Abends sei es schon sehr ruhig in Krähenwinkel, erzählt Brenda, die sich dafür entschuldigt, dass ihr Deutsch während des Heimaturlaubs über den Jahreswechsel schlechter geworden sei. In Barcelona unternehme sie mehr in ihrer Freizeit, jedoch sei sie kein Strand-Typ und möge keine Hitze. «Ich würde auch gern in Finnland leben», sagt die Spanierin lachend. «Ich liebe das deutsche Wetter.»

Anzeige

14 spanische Erzieherinnen hat die Region Hannover anwerben können. Eigentlich standen in dem Pilotprojekt 22 Plätze zur Verfügung. Jedoch konkurrieren inzwischen mehrere deutsche Bundesländer sowie skandinavische Länder und Irland um die Fachkräfte. «Deutschland hat die Arme ausgebreitet für mich», sagt Brenda, die besonders die Arbeit im Team in ihrer neuen Kita schätzt. Ihr Ziel sei es, neue pädagogische Konzepte kennenzulernen.

Mehrmonatiger Deutschkurs vorweg

In Deutschland war die junge Pädagogin vor dem Start des Programms noch nie, Deutsch hat sie auch nicht in der Schule gelernt. Im April begann ihr bezahlter, mehrmonatiger Deutschkurs in Barcelona. Ihre Kita in der Nähe des Flughafens Hannover lernte sie in einer Schnupperwoche kennen. Der Vertrag der Spanierin mit der Kita Krähenwinkel läuft bis Anfang 2026. Absolviert sie das Projekt erfolgreich, steht am Ende die Anerkennung als staatlich anerkannte Erzieherin in Deutschland. In Spanien arbeitete Brenda nach ihrem Universitätsabschluss 2016 bereits mehrere Jahre als Erzieherin.

Kita-Leiterin Melanie Lüschen kann die Spanierin als Sozialassistentin und zusätzliche Fachkraft einsetzen. «Das ermöglicht uns, die Gruppen aufrechtzuerhalten, wenn Kollegen nicht da sind», sagt sie. Das Team profitiere von Brendas Ausbildung und Berufserfahrung. «Sie sieht, welche Bedürfnisse beim Kind sind» Mit ihrer fröhlichen Persönlichkeit sei die 29-Jährige eine Bereicherung. «Brenda ist ein Herzensmensch», betont die Pädagogin.

Das spüren die Kleinkinder. In der Eingewöhnungsphase bei den «Puckis» strich die Spanierin geplante freie Tage und kam in die Gruppe, weil ein neues Mädchen zu ihr eine innige Beziehung aufgebaut hatte, wie die Kita-Leiterin erzählt.

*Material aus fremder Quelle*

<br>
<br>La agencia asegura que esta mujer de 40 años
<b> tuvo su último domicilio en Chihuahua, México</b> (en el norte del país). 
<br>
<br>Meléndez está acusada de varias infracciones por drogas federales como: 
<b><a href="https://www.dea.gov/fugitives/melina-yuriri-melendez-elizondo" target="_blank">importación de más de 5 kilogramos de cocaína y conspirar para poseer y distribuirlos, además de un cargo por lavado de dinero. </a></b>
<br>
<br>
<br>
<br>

Dass die junge Frau aus Barcelona bisher nicht so gut Deutsch spricht, finden die Eltern nicht schlimm. «Brenda macht das toll», sagt Elternvertreterin Jessica Napieraj. «Die Kinder können von ihr lernen, und sie kann von den Kindern lernen.»

Im Einverständnis mit der spanischen Arbeitsverwaltung

Welche deutschen Worte sind im Kita-Alltag besonders wichtig? «Achtung» und «Vorsicht», fallen der 29-Jährigen auf Anhieb ein. Auch «Wickeln» bei den Ein- bis Dreijährigen. «Eichhörnchen» und «Weihnachten» spielten zuletzt eine große Rolle.

Die Zentrale Auslands- und Fachvermittlung (ZAV) der Bundesagentur für Arbeit wirbt mit dem Einverständnis und der Unterstützung der spanischen Arbeitsverwaltung die Fachkräfte an. In kleinerem Umfang werde auch in Italien rekrutiert, berichtet die für die Zuwanderung von Fachkräften zuständige Behörde mit Sitz in Bonn.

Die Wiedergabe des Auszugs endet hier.